Low Latency 5G Distributed Wireless Network Architecture: A Techno-Economic Comparison

Abstract

The most profound requirements of fifth-generation (5G) technology implementations are the architecture design and the radio base station technology to capably run applications such as device-to-device, machine-to machine and internet of things at a reduced latency. Owing to these requirements, the implementation of 5G technology is very expensive to mobile network operators (MNO).
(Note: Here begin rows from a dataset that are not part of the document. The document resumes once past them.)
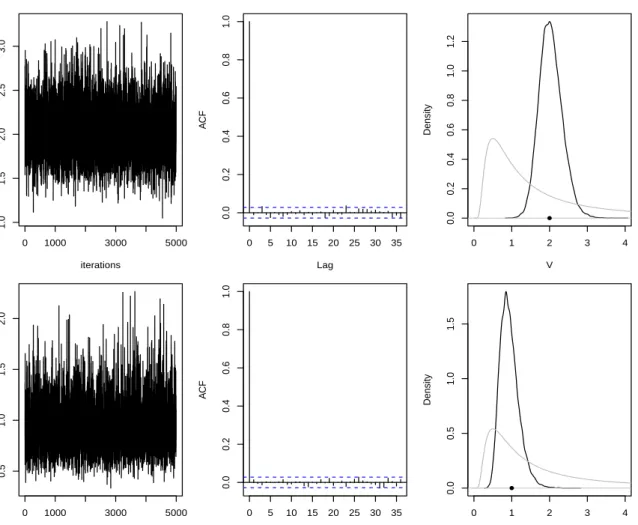 Figure 2.8: MH diagnostics: (1). trace plot by taking burn-in =100 and thining=20; (2)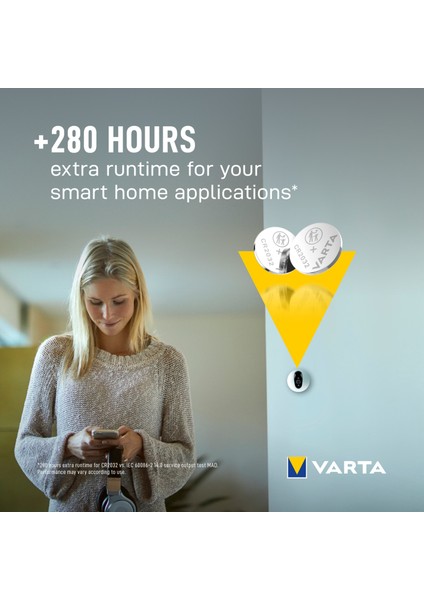 VARTA CR 2032 Lityum Düğme Pil 2'li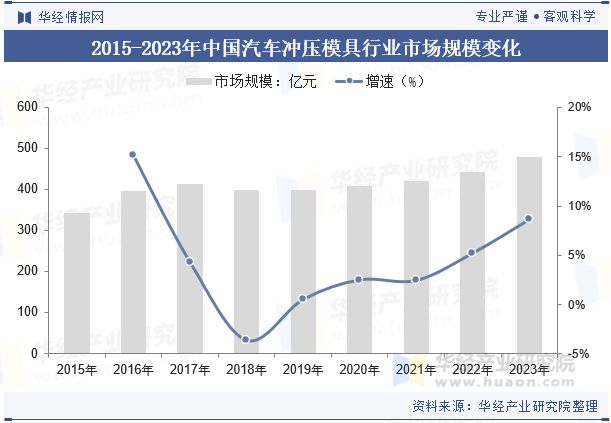 彩神vi2024年中国汽车冲压模具行业开展趋向阐发轻量化质料的使用满意汽车轻量化(图5)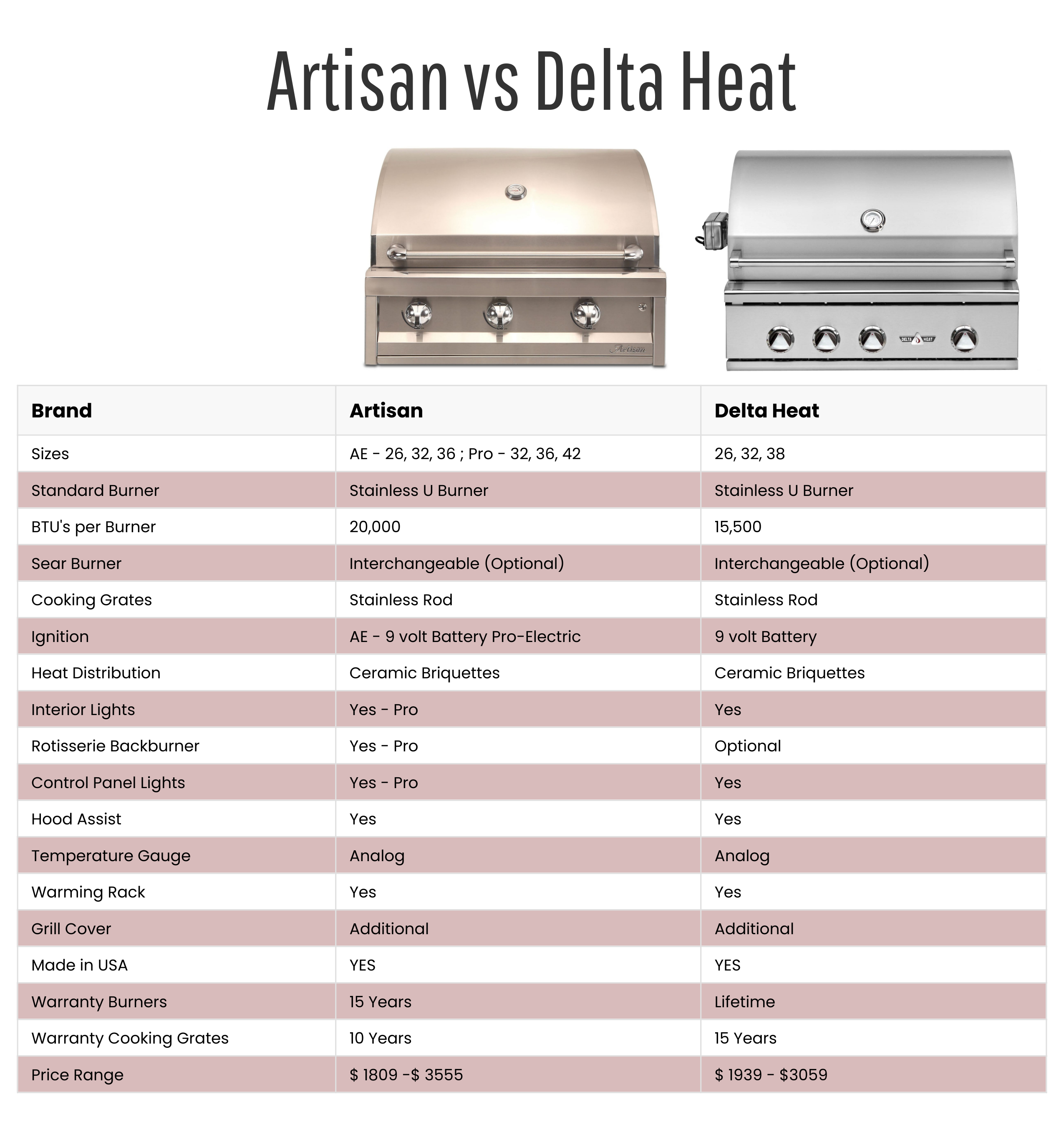 Artisan vs Delta Heat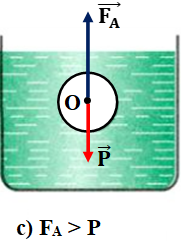 B&agrave;i C2 trang 43 SGK Vật L&yacute; 8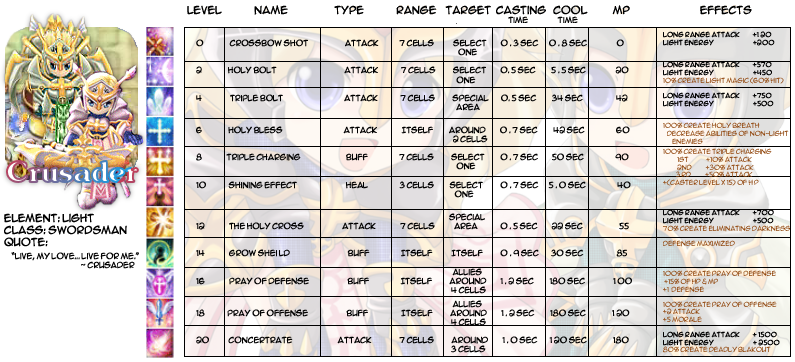 Guide Escrimeur : Guerrier / Lame / Crois / Berserk Skill_Crusader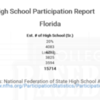 Florida National Federation High School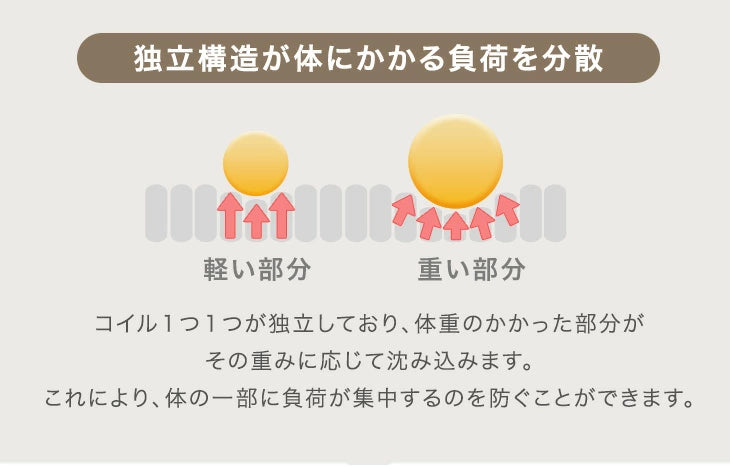 ［185×185］もはや、ソファ。新提案！ ポケットコイル入り 超極厚60mm 洗える カバーリングラグ 絨毯 厚手 防音 抗菌 防臭 防ダニ 小さめ オールシーズン〔77500106〕
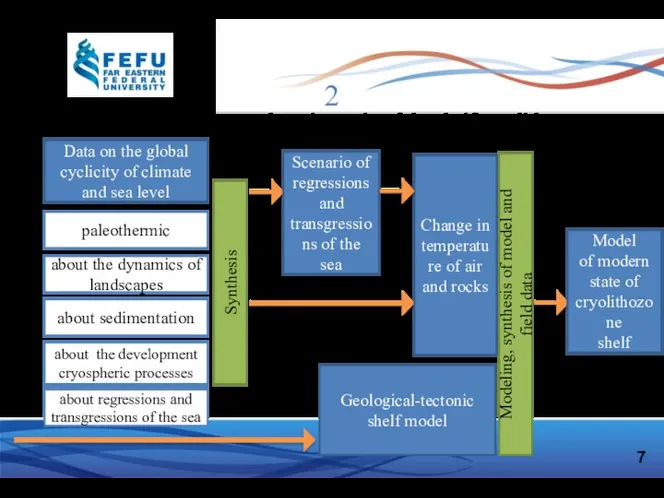 2 Retrospective approach to the study of the shelf cryolithozone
In this study we modified the existing 4G network to form a distributed wireless network architecture (DWNA); the picocell and distributed antenna system were modified to support the enabling technology of 5G technology were a multi-edge computer (MEC), software-defined networking (SDN), massive multiple input multiple output (MIMO), ultra-dense network (UDN), Network Functions Virtualization (NFV) and device-to-device (D2D) communication at a reduced cost of ownership, improved coverage and capacity. We present a mathematical model for operational expenditure, capital expenditure and total cost of ownership (TCO) for the DWNA. A mathematical model for DWNA capacity and throughput was presented. Result shows that it is very economical for MNO to rent the space of the tower infrastructure from tower companies. The sensitivity analysis also shows a significant reduction in TCO for both the modified picocell and modified distributed antenna systems.